Disclosed is a method for a dice before-grind die-preparation assembly process for three dimensional (3-D) stacked wafers. Benefits include improved functionality and improved yield.

Background

      The individual dies of 3-D stacked wafers must be singulated in the die preparation module before being attached to the substrate. The conventional die singulation process includes the following steps (see Figure 1):

1.   Wafer mounting

2.   Wafer sawing
3.           Tape and reel sorting

      These steps result in significant chipping and edge damage due to the small gap between the two bonded wafers. The damage can proliferate into the active thin films, resulting in delamination of the dielectric materials.  No conventional solution to this problem exists today.

General description

      The disclosed method is die preparation and singulation of 3-D stacked wafers. Mechanical saw or laserscribe creates a 100um deep trench into the front of both wafers prior to wafer bonding.  During the trenching process all of the device layers are removed from the die streets to prevent potential thermal and mechanical damage during the final singulation process.  After partially dicing the wafers, the two wafers are bonded together and singulated using a rotary diamond saw.

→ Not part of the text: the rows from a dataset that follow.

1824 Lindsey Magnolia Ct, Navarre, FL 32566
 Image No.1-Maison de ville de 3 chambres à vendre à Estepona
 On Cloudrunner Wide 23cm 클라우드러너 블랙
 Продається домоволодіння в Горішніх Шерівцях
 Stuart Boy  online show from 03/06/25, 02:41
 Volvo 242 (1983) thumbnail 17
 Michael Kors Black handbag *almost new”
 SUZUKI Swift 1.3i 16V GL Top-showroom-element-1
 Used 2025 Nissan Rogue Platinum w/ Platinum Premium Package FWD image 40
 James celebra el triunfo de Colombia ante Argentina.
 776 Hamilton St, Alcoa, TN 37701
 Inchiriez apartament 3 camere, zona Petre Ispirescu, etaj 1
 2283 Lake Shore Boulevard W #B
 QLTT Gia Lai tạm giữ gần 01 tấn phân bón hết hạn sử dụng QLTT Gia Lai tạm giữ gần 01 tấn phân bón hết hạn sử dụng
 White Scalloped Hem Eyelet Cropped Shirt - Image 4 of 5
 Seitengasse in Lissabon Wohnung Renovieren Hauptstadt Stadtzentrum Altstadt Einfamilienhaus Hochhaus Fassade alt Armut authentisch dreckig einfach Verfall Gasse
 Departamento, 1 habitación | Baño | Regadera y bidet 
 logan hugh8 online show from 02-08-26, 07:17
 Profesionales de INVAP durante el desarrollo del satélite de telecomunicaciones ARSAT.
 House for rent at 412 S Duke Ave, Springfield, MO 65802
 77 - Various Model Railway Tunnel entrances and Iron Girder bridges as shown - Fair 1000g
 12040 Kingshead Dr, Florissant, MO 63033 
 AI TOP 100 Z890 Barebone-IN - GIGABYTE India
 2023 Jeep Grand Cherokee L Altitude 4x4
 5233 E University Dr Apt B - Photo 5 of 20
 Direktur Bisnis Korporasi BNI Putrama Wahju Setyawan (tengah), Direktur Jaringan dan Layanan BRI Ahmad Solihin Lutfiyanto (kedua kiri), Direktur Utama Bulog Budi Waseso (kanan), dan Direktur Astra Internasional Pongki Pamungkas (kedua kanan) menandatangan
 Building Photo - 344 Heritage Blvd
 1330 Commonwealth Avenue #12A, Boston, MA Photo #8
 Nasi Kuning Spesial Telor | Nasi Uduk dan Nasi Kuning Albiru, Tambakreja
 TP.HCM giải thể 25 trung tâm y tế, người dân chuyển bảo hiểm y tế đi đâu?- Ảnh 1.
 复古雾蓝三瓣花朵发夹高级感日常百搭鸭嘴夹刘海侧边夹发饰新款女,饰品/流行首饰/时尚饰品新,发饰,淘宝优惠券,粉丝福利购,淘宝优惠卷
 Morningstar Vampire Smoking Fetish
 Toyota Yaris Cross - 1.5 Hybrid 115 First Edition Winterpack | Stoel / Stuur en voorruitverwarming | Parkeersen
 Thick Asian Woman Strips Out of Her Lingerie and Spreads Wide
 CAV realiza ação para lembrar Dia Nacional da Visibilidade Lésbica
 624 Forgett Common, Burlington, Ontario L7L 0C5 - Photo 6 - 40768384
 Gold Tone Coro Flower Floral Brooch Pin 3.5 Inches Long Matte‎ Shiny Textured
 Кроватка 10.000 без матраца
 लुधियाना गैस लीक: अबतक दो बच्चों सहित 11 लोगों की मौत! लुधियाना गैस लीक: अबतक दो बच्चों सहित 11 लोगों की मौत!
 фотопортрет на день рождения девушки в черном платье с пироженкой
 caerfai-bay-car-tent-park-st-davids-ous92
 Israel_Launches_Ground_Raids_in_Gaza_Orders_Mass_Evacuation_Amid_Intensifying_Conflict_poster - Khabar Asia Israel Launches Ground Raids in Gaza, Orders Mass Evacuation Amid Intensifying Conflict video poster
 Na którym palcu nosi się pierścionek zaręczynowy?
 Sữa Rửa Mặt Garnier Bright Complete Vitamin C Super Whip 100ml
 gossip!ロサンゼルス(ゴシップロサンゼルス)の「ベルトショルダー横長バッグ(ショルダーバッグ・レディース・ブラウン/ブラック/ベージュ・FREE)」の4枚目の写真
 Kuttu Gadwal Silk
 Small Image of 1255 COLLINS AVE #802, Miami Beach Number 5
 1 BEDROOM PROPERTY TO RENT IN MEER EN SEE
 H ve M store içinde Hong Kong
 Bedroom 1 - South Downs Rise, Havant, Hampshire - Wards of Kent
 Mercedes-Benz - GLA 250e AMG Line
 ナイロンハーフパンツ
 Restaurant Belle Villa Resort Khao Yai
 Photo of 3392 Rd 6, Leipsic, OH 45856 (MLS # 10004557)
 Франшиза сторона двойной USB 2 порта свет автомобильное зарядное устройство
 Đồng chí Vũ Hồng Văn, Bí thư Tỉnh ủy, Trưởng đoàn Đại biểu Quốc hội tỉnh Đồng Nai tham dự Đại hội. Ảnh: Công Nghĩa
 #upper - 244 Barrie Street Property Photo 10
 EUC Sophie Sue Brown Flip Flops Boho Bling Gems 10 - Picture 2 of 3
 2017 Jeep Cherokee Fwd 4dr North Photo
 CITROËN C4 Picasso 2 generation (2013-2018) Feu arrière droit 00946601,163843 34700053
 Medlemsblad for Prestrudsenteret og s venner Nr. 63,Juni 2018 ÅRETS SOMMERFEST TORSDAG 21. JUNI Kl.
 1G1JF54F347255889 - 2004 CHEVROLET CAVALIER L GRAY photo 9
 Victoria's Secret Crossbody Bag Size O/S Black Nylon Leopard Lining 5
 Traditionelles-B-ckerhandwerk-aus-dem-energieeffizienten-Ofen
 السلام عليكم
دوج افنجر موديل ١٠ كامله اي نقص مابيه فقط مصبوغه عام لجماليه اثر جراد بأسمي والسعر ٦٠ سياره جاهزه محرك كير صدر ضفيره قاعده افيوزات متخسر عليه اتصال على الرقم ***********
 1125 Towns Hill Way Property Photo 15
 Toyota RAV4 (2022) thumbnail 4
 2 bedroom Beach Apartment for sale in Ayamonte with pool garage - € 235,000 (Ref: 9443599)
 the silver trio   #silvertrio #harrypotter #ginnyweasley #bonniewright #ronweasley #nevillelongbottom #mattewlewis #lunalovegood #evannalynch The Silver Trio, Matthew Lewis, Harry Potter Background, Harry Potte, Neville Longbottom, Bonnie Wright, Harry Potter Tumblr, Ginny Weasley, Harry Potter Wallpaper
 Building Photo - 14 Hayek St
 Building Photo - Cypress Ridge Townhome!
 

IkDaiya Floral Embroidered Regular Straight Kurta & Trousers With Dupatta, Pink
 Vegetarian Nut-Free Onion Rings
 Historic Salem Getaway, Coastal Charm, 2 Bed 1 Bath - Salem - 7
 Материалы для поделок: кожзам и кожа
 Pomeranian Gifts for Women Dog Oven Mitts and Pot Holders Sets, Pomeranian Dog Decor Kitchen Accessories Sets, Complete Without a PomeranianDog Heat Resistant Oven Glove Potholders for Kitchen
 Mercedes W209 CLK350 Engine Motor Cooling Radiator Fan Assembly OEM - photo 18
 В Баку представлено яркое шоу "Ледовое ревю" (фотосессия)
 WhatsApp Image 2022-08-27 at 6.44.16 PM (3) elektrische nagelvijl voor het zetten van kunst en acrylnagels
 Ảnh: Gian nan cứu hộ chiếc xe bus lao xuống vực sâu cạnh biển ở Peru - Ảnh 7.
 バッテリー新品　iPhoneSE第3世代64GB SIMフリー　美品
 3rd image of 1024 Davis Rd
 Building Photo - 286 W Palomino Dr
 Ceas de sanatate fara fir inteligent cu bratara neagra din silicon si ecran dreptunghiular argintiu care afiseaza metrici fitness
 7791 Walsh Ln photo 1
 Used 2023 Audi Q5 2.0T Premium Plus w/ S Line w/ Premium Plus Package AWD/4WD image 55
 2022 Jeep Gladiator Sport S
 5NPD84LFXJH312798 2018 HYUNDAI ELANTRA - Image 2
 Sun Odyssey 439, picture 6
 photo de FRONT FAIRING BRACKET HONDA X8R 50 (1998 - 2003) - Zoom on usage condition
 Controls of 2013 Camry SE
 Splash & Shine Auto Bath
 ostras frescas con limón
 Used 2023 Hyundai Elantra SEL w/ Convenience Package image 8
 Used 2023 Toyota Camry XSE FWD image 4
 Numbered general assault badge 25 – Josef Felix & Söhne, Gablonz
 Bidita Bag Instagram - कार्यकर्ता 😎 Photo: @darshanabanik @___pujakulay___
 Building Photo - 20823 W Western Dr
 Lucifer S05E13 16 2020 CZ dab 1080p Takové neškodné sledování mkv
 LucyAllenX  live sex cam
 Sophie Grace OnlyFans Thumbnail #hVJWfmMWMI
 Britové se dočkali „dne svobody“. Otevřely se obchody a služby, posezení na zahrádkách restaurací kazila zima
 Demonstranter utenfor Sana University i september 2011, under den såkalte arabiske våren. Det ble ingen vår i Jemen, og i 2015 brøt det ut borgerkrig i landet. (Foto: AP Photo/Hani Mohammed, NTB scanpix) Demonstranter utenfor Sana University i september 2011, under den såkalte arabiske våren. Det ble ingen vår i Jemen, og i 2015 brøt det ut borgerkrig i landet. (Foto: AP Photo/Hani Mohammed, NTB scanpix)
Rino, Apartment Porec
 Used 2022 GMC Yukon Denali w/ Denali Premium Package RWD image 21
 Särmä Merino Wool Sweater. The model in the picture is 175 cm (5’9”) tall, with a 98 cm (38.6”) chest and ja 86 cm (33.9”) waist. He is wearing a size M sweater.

      When processing is completed on the top wafer, the wafer stack contains the following items (see Figure 2):
•             Controlled collapse chip collect (C4) input/output solder bump

•             Through-silicon vias
•             Thinned top wafer
•             Copper-to-copper diffusion bonded interface

•             Full-thickness bottom wafer

Advantages

              The disclosed method provides advantages, including:

•             Improved functionality due to performing scribing and partial cutting before backgrinding and singulation

•             Improved yield due to minimizing damage from thermal and mechanical damage from singulation

Detailed description

      The disclosed method includes die preparation and singulation of 3-D stacked wafers. A dicing saw partially cuts the streets of both the top and bottom wafers. The partial cut appears as a groove. After partial dicing of both wafers they are bonded together.  The grinder then thins the back of the top wafer and eventually reaches the partial cut depth. When this occurs, the top wafer separates into individual devices although still bonded to the bottom wafer. After the devices are transferred onto tape and a frame, a narrow blade saw process is used to singulate the bottom wafer without contacting the active devices layers which were removed from the streets during the partial dicing processes.  The final singulation process step only interacts with the full-thickness bottom wafer, enabling the use of conventional rotary blade singulation. The process can be easily optimized to minimize chipping and mechani...